Isaac paused, as if hearing the words for the first time. He peered off across the dark expanses of the park, imagining a pair of trusting lovers there. Lost as he was in his reverie, he did not notice the raw currents of electricity that surged through the suddenly-jolted vampire. Julian made a conscious effort to calm the breath that had suddenly expanded in his lungs.
“In any case,” he continued, “a few weeks later the Nazis gathered all Jews into the ghetto. All of my fears seemed justified. If I had known then that there was an even darker night before us, I would have worked harder to find my way back to her…to make the time that was left to us more special. As it happened, I very nearly went completely insane when they herded us like livestock onto two narrow rails bound for the ultimate despair…Auschwitz.
“We were separated immediately upon arrival. For the next seven months, I survived without any particular will or desire to do so.
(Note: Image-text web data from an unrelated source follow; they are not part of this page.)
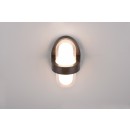 Trio TR24256232 LED vonkajšie nástenné svietidlo Limeira integrovaný LED zdroj | 380lm | 3000K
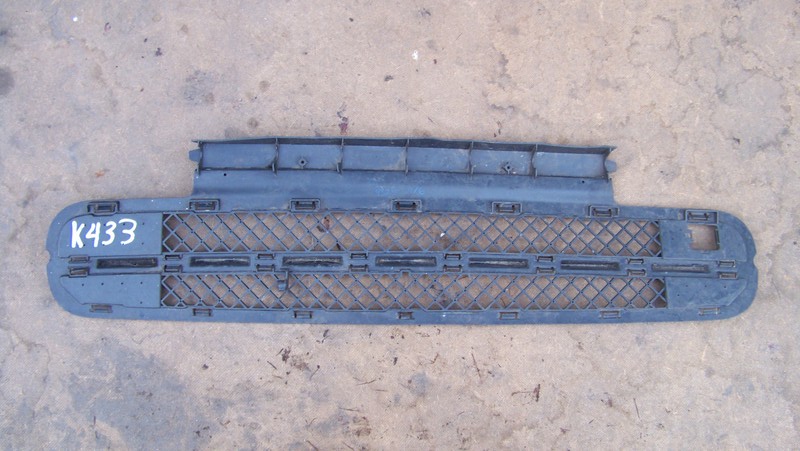 фото №2, Mini cooper r50 r52 решётка решётка радиатора решётка радиатора бампер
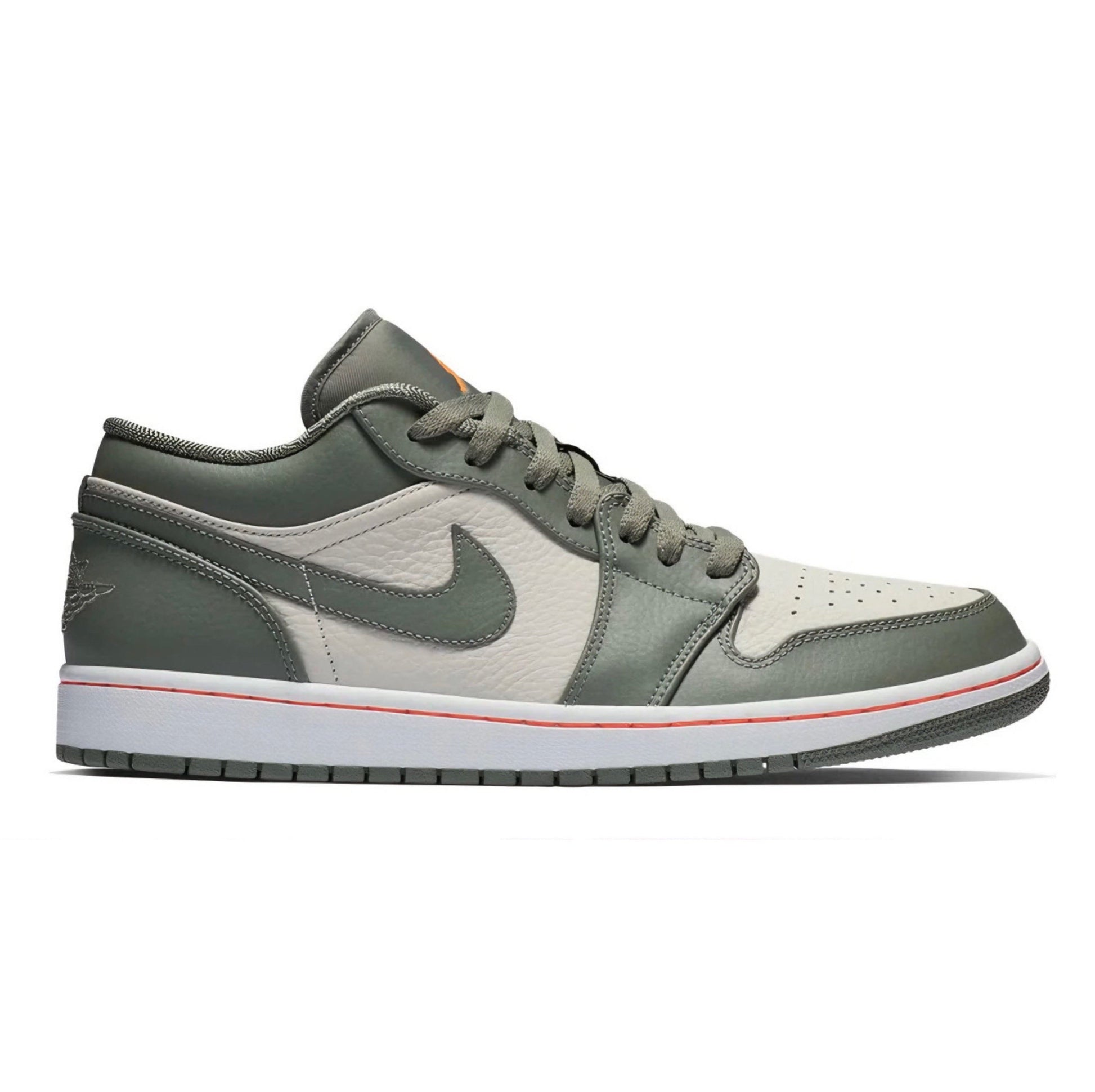 Nike Jordan 1 Low 'Military Green' Masculino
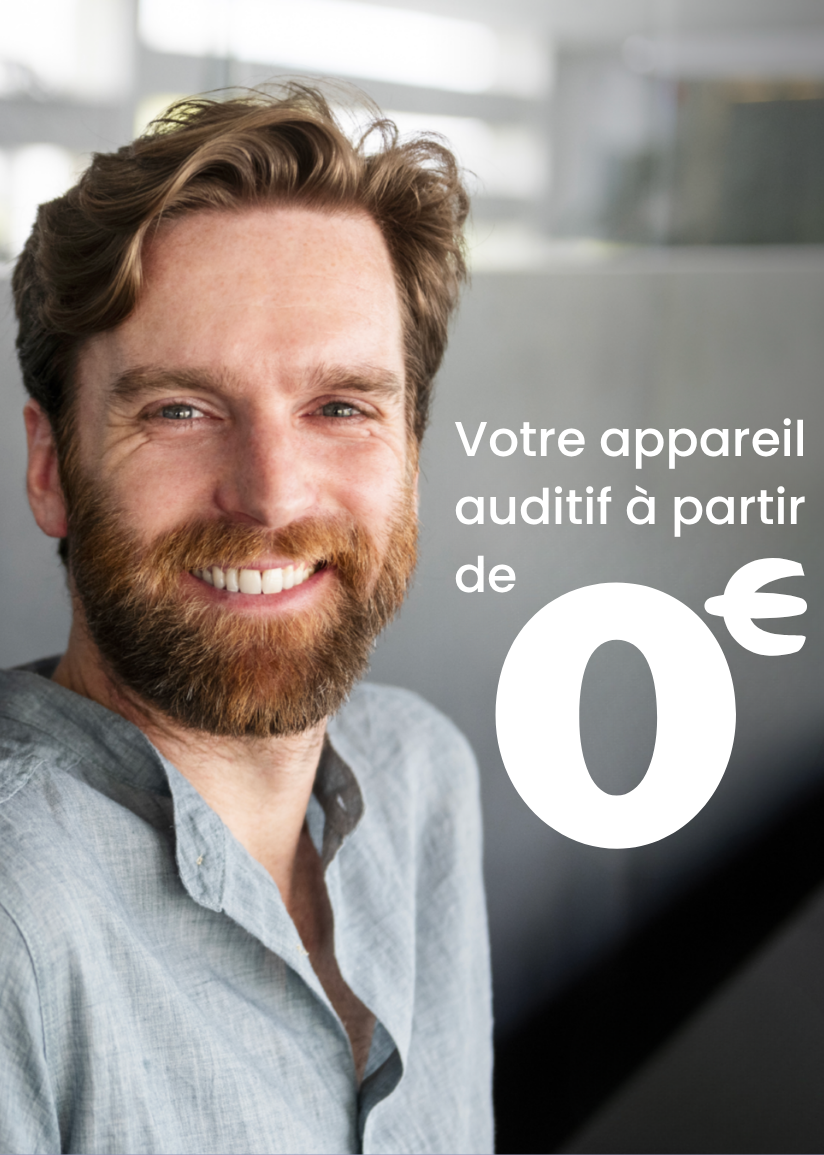 Appareil auditif 0€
But word finally reached me that Lessa had also survived the processing. I wish that I could explain in some sort of new, startling language how such information can work upon the mind. It wasn’t an altogether welcome
revelation. For now, I began to worry about her all over again.
“I had brought Lessa to that place. Subsequent fallout from that frame of mind was my unhealthy desire to secure her safety at any cost. I ingratiated myself with the guards. I was willing to perform any task, any unholy act that might work in Lessa’s favor. You have to understand. I was a weak, lice-ridden Jew, the lowest of the low to our captors. Somehow, I needed to get their attention and, hopefully, their sympathy.
“I volunteered as a sonderkommando…that is, I removed the bodies of my people from the gas chambers.”
Isaac swallowed hard, his hands trembling uncontrollably, and Julian could see that the old man had reached a place where old, incriminating memories had been buried for a long time. Isaac was venturing back into Hell.
Chapter Fifteen
“In the hierarchy of the death camp there is nothing lower than the sonderkommando. The work we did was so foul, so repulsive, that we were shunned by our own people. Even the Nazis could barely stand the sight of us. And of course they would despise us. While many were forced into the role, there were just as many others who, like myself, volunteered in the hopes of currying favor…mostly the favor of life.
“When the new trains arrived and the lines formed to shuffle off to the ‘showers,’ we, the untouchables, would take our place just outside the doors, as the doomed filed past us. We dared not look at their faces, for fear that we would cause them undue anxiety. If they could believe that they were being deloused, as they were told, they wouldn’t suffer as much. Then we would close the iron doors behind them. For the next several agonizing minutes, as the gas hissed and filled the chamber, I would die with those voices that reached us from the other side…the children crying out for their mothers…until the last muffled cries were stilled. And our terrible work would begin.